While the purpose and form of maps on digital devices may vary, the essential element is data. As the use of maps gets diverse, the amount of mapping data grows. Of course, all of the data is not delivered to the user at once; the user only needs and is able to process so much information. The service provider predicts what data is required by the users based on the position and level they are looking at — that is unless the map is centered around a very specific theme or region. The transferred data is then displayed using symbols that represent the properties and importances of data.
Deciding what to show on a map and how to show it is a complicated problem. It is especially so when interests are at odds. For example, let’s imagine a chicken joint and a noodle restaurant, close to each other in the same building. Unless you are working on a floor plan of that specific building, it can be difficult to display the two adjacent businesses in an equal manner. The manager of the chicken place will want their restaurant to be more notable; the noodle place manager will want the same, only for their own restaurant.
In reality, this decision is the prerogative of the map service provider. The service provider rarely reveals much information to the user. Users of the map are unaware of what data the service provider possesses, what criteria they use to select the data to display to users, and so on. The best users can do is make a guess about the process, based on results on the map.
The space we live in is filled with disputes and void of clear answers, yet a map will show you the result of a particular decision-making as if it were the right answer.
Conflicts of interests happen in different layers and scales. In 2016, a debate arose about Palestine disappearing from Google Maps. Some users who were not able to search and find Palestine on Google Maps presumed that Google deliberately removed Palestine from its service, and started protesting the company on social media using the #PalestineIsHere hashtag. Google’s response was that they did not remove it, because “[t]here has never been a ‘Palestine’ label on Google Maps, however [they] discovered a bug that removed the labels for ‘West Bank’ and ‘Gaza Strip’” (The Guardian, Aug 10 2016). Google Maps still does not display Palestine using its state name. Users cannot know whether Google’s map database includes Palestine as a state at all, or if a deliberate decision was made not to show it on the map despite Palestine being listed in the database. This is just another example that shows that maps are results of human interpretation. East Sea vs. Sea of Japan is a frequently reemerging issue in South Korea; restauranteurs hire bloggers for reviews, in the hope for a higher ranking in search results. The space we live in is filled with disputes and void of clear answers, yet a map will show you the result of a particular decision-making as if it were the right answer.

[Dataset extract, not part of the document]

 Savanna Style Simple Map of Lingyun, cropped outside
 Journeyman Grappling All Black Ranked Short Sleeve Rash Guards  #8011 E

Everyday, we make multiple decisions looking at maps. We find out how to get to a place we have never been before, and what restaurants nearby are good. While we make use of the map, the map affects us. By showing us places we didn’t know about and recommending specific routes, it changes our consumption pattern and perception of the space. When you think about it, relying on a map interpreted from the view of just one company is quite questionable.
To a for-profit entity, map data is an important and sometimes undisclosable asset. Companies deploy cars gathering street view data region after region, as well as a great size of human workforce. This data, collected as a result of lots of investments, becomes a seed capital that can be traded for large amounts of money. This means that individuals working with maps — urban designers, journalists working with data visualization, small entrepreneurs that use maps in their services, etc — often can and do encounter big obstacles when working with the aforementioned map data.

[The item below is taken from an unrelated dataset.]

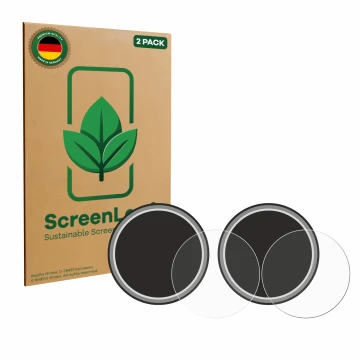 Front side of a product packaging with the brand logo ScreenLeaf. Next to it is the device Numark NS4FX (Jog) shown with the c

As maps became more and more important, open source projects that collect and distribute geospatial data appeared; these projects define map data as public goods which people have the right to access with no or little cost. Some examples include Open Addresses, which collects address data and processes it for easier use, Who’s On First, which collects points of interest (such as restaurants, libraries, and many more), and OpenStreetMap (OSM), which is an integrated map data collection. For an insight on how such projects were able to develop, let’s take a closer look on OSM, which has been around the longest and served as a hub for the most diverse types of data.
OSM and Its Community
OSM was founded by Steve Coast in 2004, who was inspired by the success of Wikipedia. Users can not only add and edit map data to OSM but also look at the revision history. Data from OSM can be downloaded by anyone, even for commercial purposes. Diverse companies, ranging from small independent printing studios to service providers of full-stack solutions including search and navigation, use OSM’s data. These companies are consumers of OSM’s data but they also contribute to its quality through data processing or the development of additional functionalities. Some of the companies open source the services they developed, so that the technology can be maintained and improved even after they move on.

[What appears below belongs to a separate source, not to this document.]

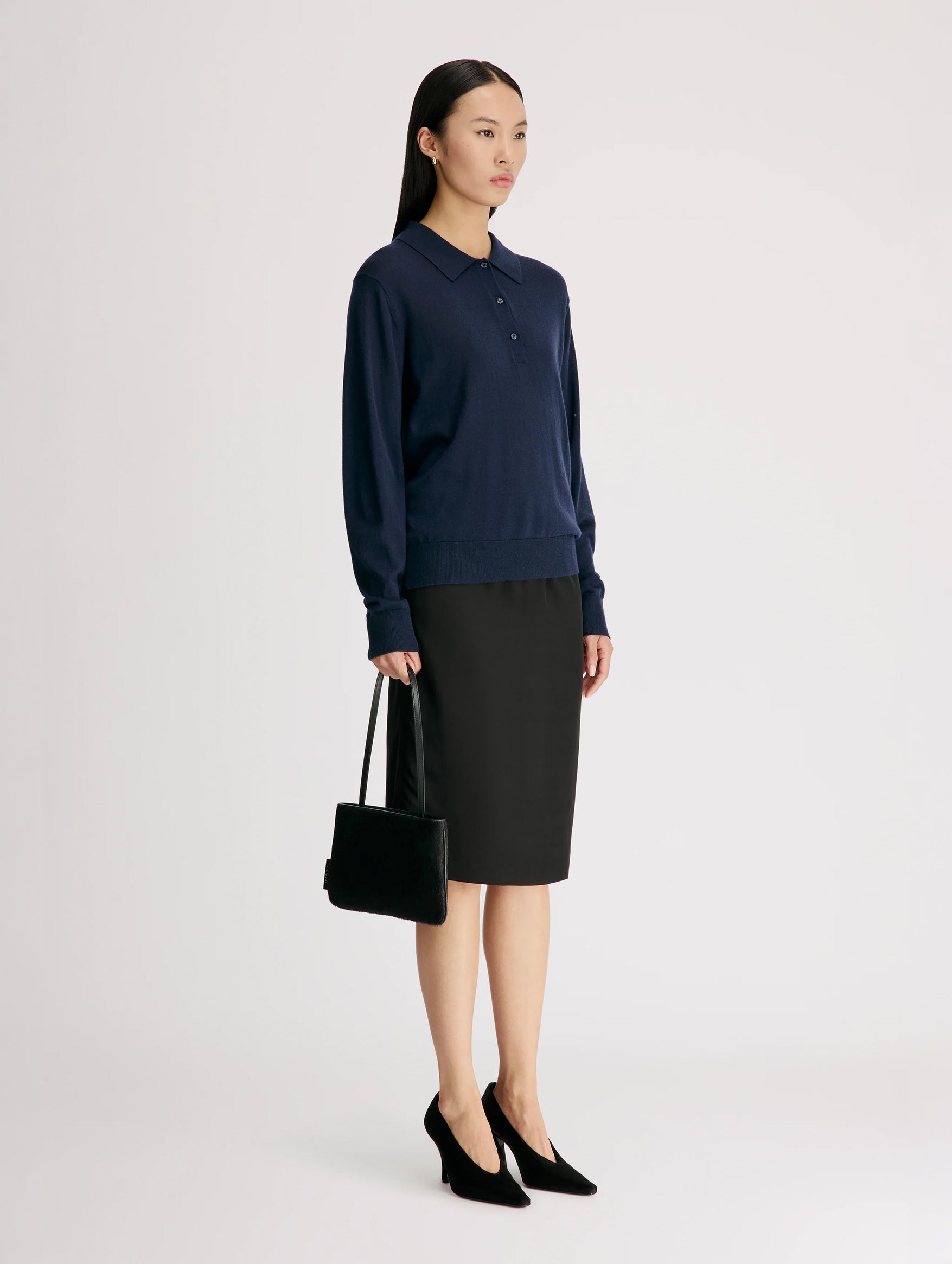 Miles Long Sleeve Polo in Navy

If you can’t find your grocery store or favorite hiking trail in OSM, you can always add the data by yourself using GPS records or by tracing over satellite images. In case of regions where the government has released public data of buildings and roads, local users can also contribute by importing the data to OSM.
The collective intelligence that sustains OSM has also its drawbacks. Longtime efforts by many people can be set back by a single person’s mistake or malevolence. Suppose you, having the day off and needing some map data, took the time to map a whole neighborhood alone. There is no guarantee that the data you have mapped will be intact the day after. I once mistakenly deleted the country name for Japan. Only after saving my edit did I realize that Japan had disappeared; with a chilling sensation in my back, I restored the previous data.
In order to minimize the damage caused by individual mistakes or active misconduct, OSM emphasizes the role of the community. Sometimes the communication is online, like the email I received from a user who let me know of my mistake. In other cases, offline meet-ups (often called mapathons or maptimes) are held among local inhabitants familiar with the area who learn how to edit data and make contributions. Such meet-ups allow beginners to meet users with more experience, share tips about editing OSM and observe the collective mapping process.
My first mapping meet-up was a small one that my colleagues hosted after the Nepal earthquake of 2015. One colleague with some experience demonstrated how to use the default OSM editor, iD, as well as OSM Tasking Manager in which field rescue workers had listed the areas in need of mapping; then we all dived in. After each edit, I wasn’t confident of whether I was mapping things the right way, and asked many questions to the facilitating colleague as if asking for permission. My colleague told me that first-timers, especially female users, tended to be burdened by perfection, and that my contribution of data will definitely be helpful. This experience greatly helped me communicate, based on trust, with other members of the OSM community.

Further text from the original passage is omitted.